In the normal liver, lymphatic channels within portal tracts are difficult to identify, because they have few or no muscle fibers and are not dilated on histologic sections. Closer to the hepatic hilum, larger lymphatic channels may be identified and valves may be seen. When the hepatic vasculature is compromised, however, dilated lymphatic channels in the more distal portal tract distribution may become prominent. In cirrhosis, there may be an abundance of lymphatic channels within the fibrous septa, identified in part by the absence of erythrocytes in their lumina. Whether normal or abnormal, lymphatic endothelium stains positive with D2-40, whereas venous endothelium does not.

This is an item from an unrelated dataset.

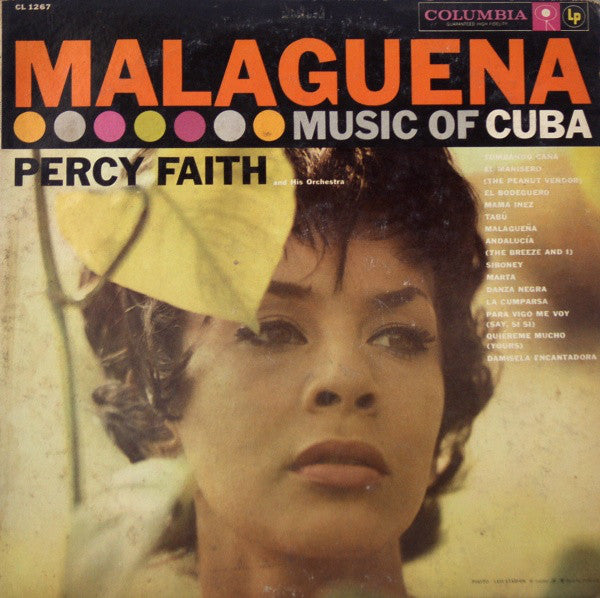 Percy Faith And His Orchestra* ‎/ Malaguena (Music Of Cuba) - LP Used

Portal Vein Disease (Portal Vein Obstruction)

Clinical Features

Obstruction of large portal veins most often occurs in adults with symptomatic cirrhosis, and the portal vein lesion is discovered during imaging studies. In the absence of cirrhosis, large portal vein obstruction may develop as a primary event, often termed idiopathic portal hypertension (IPH), or secondary to inflammatory conditions involving the portal vein, such as schistosomiasis or sarcoidosis.9 In these conditions, the portal vein thrombosis is typically silent until the onset of bleeding varices; ascites is usually absent. During the asymptomatic period, clinical evidence of portal hypertension, especially splenomegaly or thrombocytopenia, often leads to the diagnosis through imaging studies. The portal vein may appear to be absent, and multiple hilar collaterals may result in an appearance termed cavernous transformation. Large collaterals develop in the round ligament in 5% of patients; rarely, this manifests as a bruit or an umbilical caput medusa. Round ligament collaterals are dilated paraumbilical veins that communicate with the left portal vein. Large collaterals between the extrahepatic portal vein and the renal or adrenal veins are frequently seen. Numerous smaller collaterals are often seen during imaging or abdominal surgery. Secondary aneurysmal dilatation of the portal vein may also occur.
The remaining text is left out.